Academic journal article Journal of Buddhist Ethics

The Spread of Tibetan Buddhism in China: Charisma, Money, Enlightenment

Academic journal article Journal of Buddhist Ethics

The Spread of Tibetan Buddhism in China: Charisma, Money, Enlightenment

Article excerpt

The Spread of Tibetan Buddhism in China: Charisma, Money, Enlightenment. By Dan Smyer Yu. London: Routledge, 2012, xi + 222 pages, ISBN 978-0-415-57532-4 (cloth), $138.00.

According to Dan Smyer Yu's informative new book, the "marketing era" of Tibetan Buddhism has begun (4). Charismatic Tibetan lamas and urban intellectuals, in concert with upper-class Chinese devotees and Western enthusiasts, are working to revitalize Tibetan religion and culture in contemporary socialist China, against the backdrop of economic globalization and religious commercialization. While Western observers typically lament the irrevocable loss of traditional Tibetan cultural institutions under the weight of modern Chinese economic expansion, both Tibetan Buddhists and Han Chinese converts are taking full advantage of the opportunities afforded by the growing market economy to recast Tibetan Buddhism as antidote to the "spiritual crisis" of post-Maoist China. This is the story told in Smyer Yu's The Spread of Tibetan Buddhism in China, which focuses on the revivalist efforts of Chinese and Tibetan adepts of the Tibetan Buddhist Nyingma sect in and around the Kham and Amdo regions of Sichuan and Qinghai provinces, respectively. Based on extensive fieldwork in these regions as well as in several urban Chinese centers, Smyer Yu examines the new forms of Tibetan Buddhism that have developed through and within the growing counter-culture of Sino-Tibetan cyberspace. Smyer Yu illustrates how this Tibetan Buddhist revival is "trans-cultural, cross-regional, tech-savvy, conversant with modern science and familiar with the economic system" (5). And on this last count especially, he emphasizes how global market dynamics have both contributed to the growth of Tibetan Buddhism in China and led to the commodification and thus corruption of Tibetan Buddhist charisma.

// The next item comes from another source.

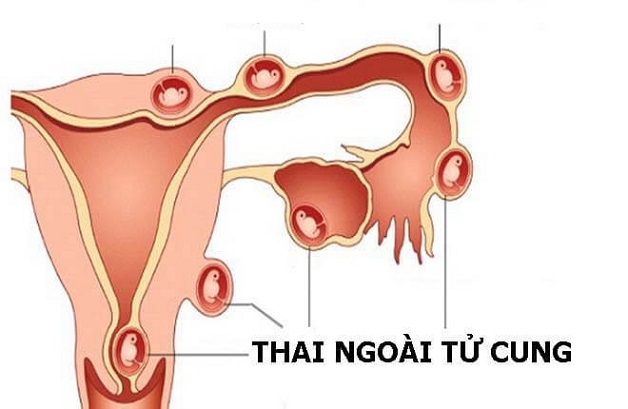 Thai ngoài tử cung là biến chứng sản khoa có thể xảy ra với bất cứ ai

After an introductory chapter that sets this mise-en-scene of contemporary Tibetan Buddhism, Chapters two and three focus largely on the Weberian concept of "charisma" and how it is complicated by the case studies that Smyer Yu examines. In Weber's classic formulation, charismatic authority derives from the unique force of personality displayed by individual leaders, both religious and secular, which draws crowds of followers and forms the basis for the development of traditions and institutions. With the rise of these institutions, then, the personal charisma of their long-departed founders becomes "routinized"--calcified into laws and dogmas that lead to the predominance of "traditional" and "legal" forms of authority. Smyer Yu argues that in several respects the case of contemporary Tibetan Buddhism contradicts these classic Weberian theories. In Chapter two, "Tulkus, genuine charisma, and its transmissible interiority in Kham and Amdo," Smyer Yu emphasizes how Tibetan charisma functions as a "collective religio-spiritual phenomenon" (30). For one, given that the spiritual power of tulkus (reincarnate lamas) derives not from their individual personalities but from their claimed lines of reincarnation, Smyer Yu argues that Weber's charisma needs modification to account for the trans-personal, karmic trajectory of tulku authority. Secondly, integrating an avowedly Durkheimian perspective, Smyer Yu describes Tibetan charisma as a "collective representation" of the "totemic bond" between lamas and their followers (36). In other words, a lama's charismatic persona is (in part) created and reinforced by his community of followers, as exemplified in the case of Sangye Tsering Rinpoche, an eminent Nyingma tulku of the Smyoshil Monastery in eastern Kham. This fact, Smyer Yu maintains, gives cause to re-evaluate Weber's model of "routinization" as a degradation of pure charisma into petrified institutional structures. Instead, these very structures often "guarantee the renewal of genuine Buddhist charisma," as "charismatic education in the Tibetan case is a rejuvenation rather than a process of demise" (38). …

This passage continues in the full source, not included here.